Participants at the summit blasted the US in particular for imposing neo-liberal policies on the South and contributing to the high debts that have stifled economic development over the last two decades. This is especially true in Central America, whose foreign debt after World War II was negligible. However, after two decades of following IMF and WB prescriptions and faithfully implementing SAPs, the continent's debt soared to $3 trillion -- the highest per capita debt in the world. And the region's income disparity between rich and poor is also the highest worldwide.
African countries fare even worse. A case poignantly illustrated by the famine in the Horn of Africa. While the IMF and the WB blame the famine exclusively on the region's drought, it is the international loan agencies' policies that have forced countries as poor as Ethiopia to dismantle its drought safeguards. As a consequence of the IMF's notorious austerity requirements in the Horn of Africa and following fiscal austerity measures retrenching state subsidies -- which included cut backs in the distribution of granaries and elimination of vital water preservation projects -- an estimated eight million people are facing starvation.

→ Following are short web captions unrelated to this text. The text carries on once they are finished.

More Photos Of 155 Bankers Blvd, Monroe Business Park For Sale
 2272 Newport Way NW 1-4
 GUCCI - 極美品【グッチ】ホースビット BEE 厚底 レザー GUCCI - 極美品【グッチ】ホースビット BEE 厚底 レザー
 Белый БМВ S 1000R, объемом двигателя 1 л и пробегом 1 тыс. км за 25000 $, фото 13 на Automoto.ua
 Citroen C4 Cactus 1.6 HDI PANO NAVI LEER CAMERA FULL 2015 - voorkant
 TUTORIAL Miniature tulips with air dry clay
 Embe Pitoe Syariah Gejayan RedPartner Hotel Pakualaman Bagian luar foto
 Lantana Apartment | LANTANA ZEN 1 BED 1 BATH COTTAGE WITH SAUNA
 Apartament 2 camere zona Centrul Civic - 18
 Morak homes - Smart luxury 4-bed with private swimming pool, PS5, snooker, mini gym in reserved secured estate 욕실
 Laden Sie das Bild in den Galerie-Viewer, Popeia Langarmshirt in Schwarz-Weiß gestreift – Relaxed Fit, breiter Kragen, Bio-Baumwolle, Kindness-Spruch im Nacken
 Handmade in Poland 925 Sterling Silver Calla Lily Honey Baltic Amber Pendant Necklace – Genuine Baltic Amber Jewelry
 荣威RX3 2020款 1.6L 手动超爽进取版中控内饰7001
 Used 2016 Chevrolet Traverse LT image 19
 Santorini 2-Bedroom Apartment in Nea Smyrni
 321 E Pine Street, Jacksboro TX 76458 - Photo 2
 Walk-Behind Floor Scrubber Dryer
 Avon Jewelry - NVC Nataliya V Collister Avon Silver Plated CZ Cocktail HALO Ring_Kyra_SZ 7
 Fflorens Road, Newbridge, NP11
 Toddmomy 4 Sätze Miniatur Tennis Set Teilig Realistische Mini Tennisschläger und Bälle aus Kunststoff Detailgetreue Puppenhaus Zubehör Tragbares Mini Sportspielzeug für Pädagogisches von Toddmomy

At a press conference in Havana, Arthur Mbanefo, Nigeria's permanent representative to the UN and the current G77 chair in New York, was quick to condemn the IMF's policies. Mbanefo declared that the debt burden was causing a "reversal of development growth", since costs of servicing the debts of many African countries greatly exceed their social service budgets.
In an age generating unprecedented and mind-boggling profits, absolute poverty has never been as stark. While a whopping
$3 trillion are daily exchanged on stock markets around the world, the three top billionaires' assets are worth more than the GNP of the 48 least developed nations -- a population of 600 million. In the South, 1.3 billion people lack access to potable water, and 2.6 billion have no access to basic sanitation.
As a result of increasing interest rates on the US dollar and declining basic commodity prices, accrued interest payments on debts over the last two decades have become crippling. Cuban leader Fidel Castro urged rich countries to cancel the debt. "The debt continues to feed on itself in a vicious circle where money is borrowed to pay its interests," said Castro, adding that "the debt is not an economic, but a political issue."
The Cuban leader also dismissed the Clinton administration's much-touted debt reduction initiative for Heavily Indebted Poor Countries as mere tokenism. Launched by the US four years ago, ostensibly to alleviate the debt of the world's 33 most impoverished countries, the initiative is so complex and difficult to implement that it has so far only reduced the debt of four countries, said the Cuban leader.
Leaders from the South called for the establishment of a new and equitable world order. In the words of Belize Prime Minister Said Musa: "They told us these measures would stabilise our economy, instead they have stabilised poverty."